Even if the sampling and digestion times are well-optimized, another factor that can extend the sample preparation time and act upon the sample quality is the waiting time to access a ScRNA-seq platform or instrument where the mRNA will finally be extracted. Until a new solution is developed to accelerate this process, you can check updated methods to freeze or fix single-cells to preserve your samples and the integrity of your future dataset.

Cell sample size vs sequencing depth: find your compromise.

With newer technologies enabling the screening of an ever-higher number of cells at a cheaper cost, long gone are the times of intensive labor on a small number of cells. ScRNA-seq can now potentially support a wide range of options – typically from 10^2 to 10^6 cells being processed in parallel – but in-depth sequencing of hundreds of thousands of separate cells would overload most sequencing platforms, while also considering the huge overhead costs and the resulting massive datasets to analyze.

 

A better variable to consider for your experiments is the number of reads per cell, which you can adapt depending on the biological purpose of your study.
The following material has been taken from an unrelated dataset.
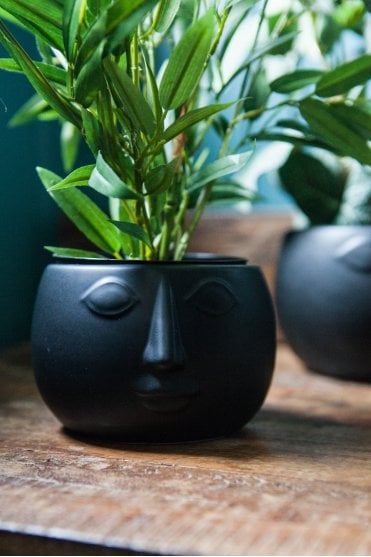 Black Pagan Face Planter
A smaller number of cells with a high sequencing depth should provide more robust transcriptomic data, filtering out the technical noise and providing a more reliable snapshot of the transcriptional state of each cell. On the opposite, a larger number of cells at the cost of a low sequencing depth is a better representation of a cell population, particularly in the presence of multiple subtypes or even potential rare cell types.

 

This Nature Communications paper suggests that “given a fixed [sequencing] budget, sequencing as many cells as possible at approximately one read per cell per gene is optimal, both theoretically and experimentally.”. From this cue, always keep in mind the aim of your research question. For example, if you are trying to identify novel cellular subtypes or quantify the number of rare cells in a biological sample, then obviously plan towards the higher cell number limit your ScRNA-seq protocol can handle (10,000 to 50,000 reads per cell can suffice for this purpose [1][2]). If you are trying to characterize a cellular subtype through accurate gene expression estimation, then plan for deeper sequencing depth.

 

Those are general guidelines, from which you need to take practical decisions depending on your sample and the limitations of the cell capture methods you have chosen or you have access to (see below). Here are some examples:

  • Regarding the nature and the extraction method of your sample, how many biological and technical replicates can you afford in a single ScRNA-seq run?
  • If you expect a heterogeneous tissue with numerous subtypes and rare cells, what should be the minimal amount of cells to process to have a high chance of identifying them? (Hint: you can play around with this tool for rough estimations).
  • How much RNA does your sample tissue typically yields? Organs such as the heart, the spleen, the liver or kidneys are usually bountiful (in humans) but on the opposite muscles, bone and adipose tissues provide up to ten times fewer RNA molecules.
  • Are you aiming for 3′ sequencing (low depth with ≈50,000 reads per cell) or for full-transcript sequencing (high depth with ≈ 1,000,000 read per cell)?